I remember last spring a pair of visitors from Germany wanted to see homeless people huddled over a fire burning in a garbage can to keep warm. After my eyes widened and I laughed, I let them know that image of New York they were fed isn't the reality anymore.
And while there's no more skid row here in NY, The Bowery Mission, on the Bowery which was New York's skid row, still provides services to the homeless and people in need. This week, I worked with a client whose interest was in criminal law and social services provided to New Yorkers. I took her to The Bowery Mission as part of her immersion.
Upon entering The Bowery Mission it was immediately apparent we'd arrived at a busy time. We spoke to a resident assigned to the front desk and directed to the Operations Manager, Bill Johnson. While he directed visitors and residents alike, he said it'd be a few minutes before he'd be able to talk with us but asked if we'd like lunch.
I was shocked and humbled. I deferred the decision to my client whether or not we'd eat or not. So there we were on the line, picking up our trays, being served brown rice, chili, salad, a roll or banana or both, a drink... and a smile. All the while everyone was so welcoming with kind words. We sat in the dining room at a table with 2 older Chinese women. They didn't speak a word of English but they gestured to us that the drink wasn't to their liking but they really loved the rice and chili. A third woman joined them only briefly to pack up her lunch to take home.
I ate slowly -- I was busy looking around the room at people I was having lunch with, and although the food was good, I felt bad for eating it. I didn't want to take it from someone who needed it. And that was what was so sobering. The room was full of people you could see relied on the meal but also many who on first look didn't appear to need the help. That's a fact Matt Krivich, Assistant Director of The Bowery Mission explained to us. Over the years, he's seen a shift in demographics in the people who come to The Bowery Mission. More women and children and more people who may not be homeless but as he put it, they have a home, a refrigerator and cupboards but they're empty.

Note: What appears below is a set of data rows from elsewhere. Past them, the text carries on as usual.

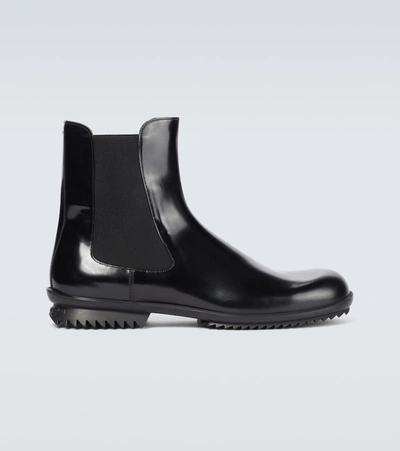Maison Margiela Grey Leather Chelsea Boots In Black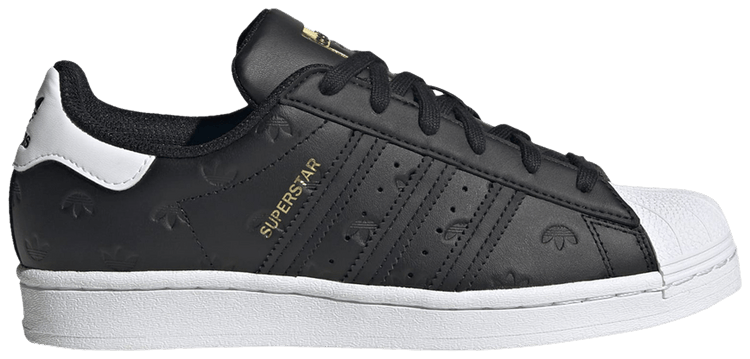 Adidas Wmns Superstar Allover Debossed Trefoils   Black White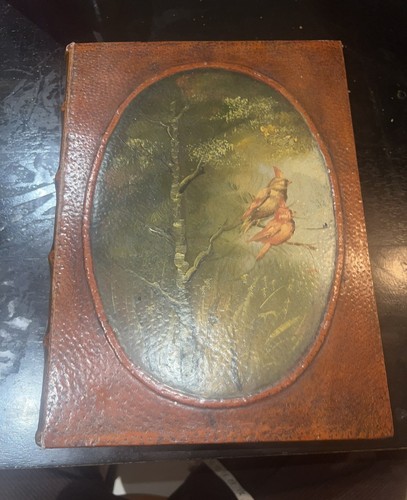 Antique wooden box with bird - wooden,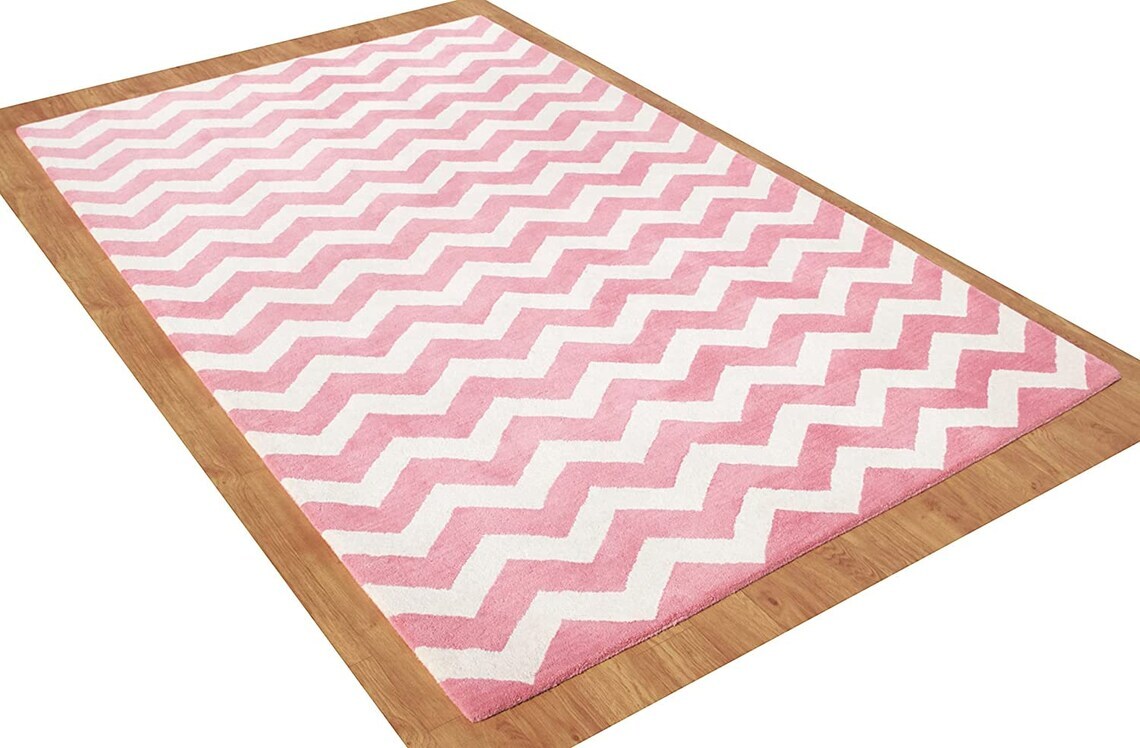 Pink/White Modern Style Hand Tufted 100% Wool Handmade Area Rug/Carpet For Home,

In the time it took Matt to explain the work done at The Bowery Mission and tell us his personal story on how he got where he is today, 6 people had come and gone from our table. Meals are served three times a day, 7 days a week at The Bowery Mission. The kitchen staff gets started at 5 AM and doesn't stop until 9 PM. Come nightfall, the tables in the dining hall are pushed to the back of the room to make room for people who need a place to sleep for the night. It may be for the lone woman who needs shelter (The Bowery Mission on the only houses men but they have a women's residence on the UES) or it's for the 100+ people who need a warm place to sleep. With the snow and the frigid temperatures we've had this winter in New York, Matt explained they've had over 200 people need shelter at night.
The chapel was packed when we started the tour. The pews are pushed to the front and mats are spread out at night for people to sleep. Some even sleep on the stage. Matt also toured us through the kitchen and the pantry. The Bowery Mission receives donations from Whole Foods Market, City Harvest, Food Bank for New York City and chefs and staff from The General prepares and serves dinner twice a month. I was pleased to hear that the newest additions to the neighborhood were doing their part. Monetary, food and clothing donations are also received from individuals.
We met up with Bill again and he gave us a tour of the rest of The Bowery Mission -- the counselors offices, the living quarters -- 40 men who are in the program are housed for a year and there are 20 beds for short-term shelter for someone not yet a resident. Bill also showed us the computer lab, the study room and the conference room that doubles as the clinic where doctors provide free medical services. Tuesday was shower day so we didn't tour that area. But we were invited to come back when the weather is warmer to view their rooftop garden.
Tuesday began as a snowing and cloudy day. When my client and I walked out of The Bowery Mission, the sun was shining. The symbolism wasn't lost on us. It was quite the sobering stop on the excursion but it was also encouraging in some ways. Thousands of people have passed through those red doors and have turned their lives around since 1879, including Matt and Bill. As long as there are people in need, I hope The Bowery Mission will get the help they need to help those in need.